-- Exercise aim --
Output the records. Match them exactly.

-- Given records --

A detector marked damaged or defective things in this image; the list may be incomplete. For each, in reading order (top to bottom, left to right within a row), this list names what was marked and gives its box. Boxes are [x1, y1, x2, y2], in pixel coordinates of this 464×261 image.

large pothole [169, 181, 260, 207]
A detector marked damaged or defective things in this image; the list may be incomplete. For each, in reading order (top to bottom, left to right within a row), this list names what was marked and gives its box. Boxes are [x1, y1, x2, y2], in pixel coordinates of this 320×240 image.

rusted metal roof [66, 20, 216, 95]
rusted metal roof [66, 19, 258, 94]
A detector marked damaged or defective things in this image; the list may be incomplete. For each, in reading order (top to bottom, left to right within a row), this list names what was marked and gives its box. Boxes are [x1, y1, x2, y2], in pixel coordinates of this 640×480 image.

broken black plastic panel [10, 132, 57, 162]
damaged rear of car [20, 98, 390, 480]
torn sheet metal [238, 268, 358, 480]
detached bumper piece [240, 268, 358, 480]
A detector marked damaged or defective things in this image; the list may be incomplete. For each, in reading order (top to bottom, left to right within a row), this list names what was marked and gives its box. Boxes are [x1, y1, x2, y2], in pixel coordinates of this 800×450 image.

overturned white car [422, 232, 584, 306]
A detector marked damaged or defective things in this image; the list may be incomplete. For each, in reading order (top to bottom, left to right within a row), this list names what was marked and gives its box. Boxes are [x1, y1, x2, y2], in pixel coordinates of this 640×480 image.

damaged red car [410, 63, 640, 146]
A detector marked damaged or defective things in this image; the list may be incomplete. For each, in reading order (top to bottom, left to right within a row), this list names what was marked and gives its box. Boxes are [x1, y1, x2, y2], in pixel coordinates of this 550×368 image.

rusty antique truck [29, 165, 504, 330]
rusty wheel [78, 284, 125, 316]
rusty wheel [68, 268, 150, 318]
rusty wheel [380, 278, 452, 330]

-- Answer area --
A detector marked damaged or defective things in this image; the list may be incomplete. For each, in reading order (top to bottom, left to right within a row), this list names what was marked and gives its box. Boxes are [x1, y1, x2, y2], in pixel coordinates of this 464×261 image.

large pothole [169, 181, 260, 207]
A detector marked damaged or defective things in this image; the list may be incomplete. For each, in reading order (top to bottom, left to right within a row), this list names what was marked and gives its box. Boxes are [x1, y1, x2, y2], in pixel coordinates of this 320×240 image.

rusted metal roof [66, 20, 216, 95]
rusted metal roof [66, 19, 258, 94]
A detector marked damaged or defective things in this image; the list may be incomplete. For each, in reading order (top to bottom, left to right within a row), this list names what was marked and gives its box. Boxes are [x1, y1, x2, y2], in pixel coordinates of this 640×480 image.

broken black plastic panel [10, 132, 57, 162]
damaged rear of car [20, 98, 390, 480]
torn sheet metal [238, 268, 358, 480]
detached bumper piece [240, 268, 358, 480]
A detector marked damaged or defective things in this image; the list may be incomplete. For each, in reading order (top to bottom, left to right within a row), this list names what was marked and gives its box. Boxes are [x1, y1, x2, y2], in pixel coordinates of this 800×450 image.

overturned white car [422, 232, 584, 306]
A detector marked damaged or defective things in this image; the list may be incomplete. For each, in reading order (top to bottom, left to right within a row), this list names what was marked and gives its box. Boxes are [x1, y1, x2, y2], in pixel coordinates of this 640×480 image.

damaged red car [410, 63, 640, 146]
A detector marked damaged or defective things in this image; the list may be incomplete. For each, in reading order (top to bottom, left to right within a row), this list names what was marked and gives its box. Boxes are [x1, y1, x2, y2], in pixel coordinates of this 550×368 image.

rusty antique truck [29, 165, 504, 330]
rusty wheel [78, 284, 125, 316]
rusty wheel [68, 268, 150, 318]
rusty wheel [380, 278, 452, 330]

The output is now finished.